Tue Mar 26 22:05:51 PDT 2013

On 03/26/2013 09:24 PM, David Holmes wrote:
> Hi Ioi,
>
> First your frames view in the webrev continues to be broken (missing 
> file) :(
>
I am not sure what's wrong. I'll try to update to a new webrev version. 
I always use "sdiffs" so I wasn't too bothered by it :-)

> On 27/03/2013 7:03 AM, Ioi Lam wrote:
>> Please review:
>>
>> http://cr.openjdk.java.net/~iklam/8009575/symbol_refcount_001/
>> <http://cr.openjdk.java.net/%7Eiklam/8009575/symbol_refcount_001/>
>
> Looking at generateJvmOffsets.cpp:
>
> I don't understand this part of the code so can't comment.
>
> Looking at vmStructs.cpp:
>
> I don't see any SA changes so I assume these values never actually get 
> accessed ?? How do you verify this part of the change?
>
The SA .java code does not expose the _refcount field. So the only 
change visible to SA is the offset of _length has changed (but size of 
_length remains 2 bytes). I will try to do some SA sanity tests, but it 
will probably work (famous last words).

>> Bug: Reduce Symbol::_refcount from 4 bytes to 2 bytes
>>
>> http://bugs.sun.com/bugdatabase/view_bug.do?bug_id=8009575
>> https://jbs.oracle.com/bugs/browse/JDK-8009575
>>
>>
>> Summary of fix:
>>
>> (1) Symbol::_refcount has been changed to a short.
>>
>>      Note that _refcount needs to be incremented atomically using
>>      Atom::add, which requires a 32-bit word in memory. So I glue the
>>      _refcount and _length fields together using union and ENDIAN
>>      tricks, which is kind of ugly but faster.
>>
>>      The prettier alternative would be to use shift and masking to
>>      access the _refcount and _length components, but performance
>>      would be slightly slower.
>>
>>      If anyone has a more elegant solution, please let me know.
>
> Not sure why shift and mask would be slower as the compiler will have 
> to generate shifts and masks anyway ??

Many (all?) architectures have 2-byte loads, so loading a two byte 
u.s._length would be a single LOAD instruction. In contrast, loading a 
32-bit word and then masking off the upper 16 bits would take 2 ~ 3 
instructions. Some compilers (such as gcc) would be smart enough to 
generate a 2-byte LOAD instead, but I don't want to count on that.

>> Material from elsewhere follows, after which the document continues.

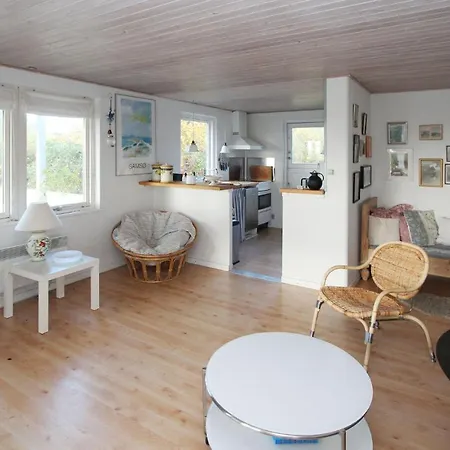 Dom wakacyjny 2 Bedroom Awesome In Samso *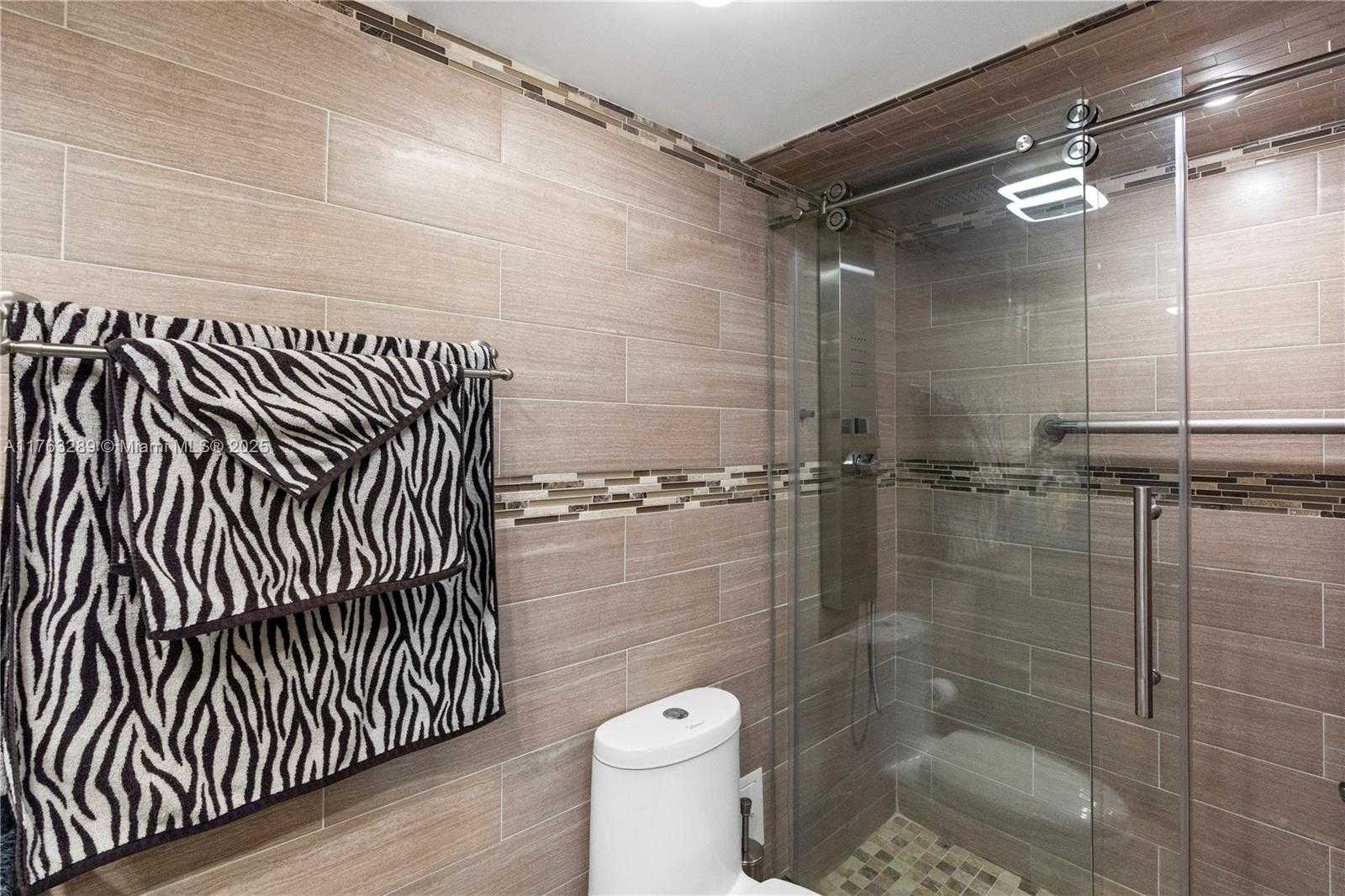 Small Image of 301 174TH ST #312, Sunny Isles Beach Number 17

There's also the fact that _refcount is volatile but _length is not. So 
always combining them in a 32-bit volatile may make reading of _length 
more expensive.
>
>> #------------------------------------------------------
>>        union {
>>          volatile int   _refcount_and_length;
>>          struct {
>>      #ifdef VM_LITTLE_ENDIAN
>>            unsigned short _length; // number of UTF8 characters in the
>> symbol
>>            volatile short _refcount;
>>      #else
>>            volatile short _refcount;
>>            unsigned short _length; // number of UTF8 characters in the
>> symbol
>>      #endif
>>          } s;
>>        } u;
>>
>>      void Symbol::increment_refcount() {
>>        if (u.s._refcount >= 0) {
>>          // Adding 0x10000 to _refcount_and_length is equivalent to
>> adding 0x1 to
>>          // _refcount (w.r.t overflow/underflow).
>>          (void)Atomic::add(0x10000, &u._refcount_and_length);
>>        ....
>>      }
>> #------------------------------------------------------
>
> As per side email a key enabler here is that _length is immutable once 
> set.
>
> I was going to suggest that the fields be swapped so that we just 
> add/subtract 1, but I see now that the order is necessary to ensure 
> the overflow detection works without modifying _length.
>
This is correct. Underflowing (from 0 to -1) shouldn't happen, unless 
there is a coding error. However, today such coding error would just 
leave the Symbol pinned forever (_refcount == -1). However, with the new 
code (if _refcount were placed at lower 16 bit), then underflowing would 
cause _length to be corrupt, and may cause more severe problems. So I 
decided to put refcount at the upper 16 bit just for bug-for-bug 
compatibility (if any) as today's code.

>> (2) Symbol::size(int) was wasting one byte per Symbol instance. I fixed
>> it by
>>      splitting part of the fields from Symbol into SymbolBase.
>
> I don't understand this part. What were we wasting? And given 
> alignment constraints did we in fact waste it?
>
The old code was

class Symbol : public MetaspaceObj {
   int   _refcount;
   int    _identity_hash;
   unsigned short _length;
   jbyte _body[1];

   static int size(int length) {
     size_t sz = heap_word_size(sizeof(Symbol) + (length > 0 ? length - 
1 : 0));
     return align_object_size(sz);
   }

It assumes that sizeof(Symbol) is 11 bytes (2 ints + 1 short + 1 byte), 
hence the "length - 1". I.e., if length == 2, size() => 11 + 2 - 1 = 12.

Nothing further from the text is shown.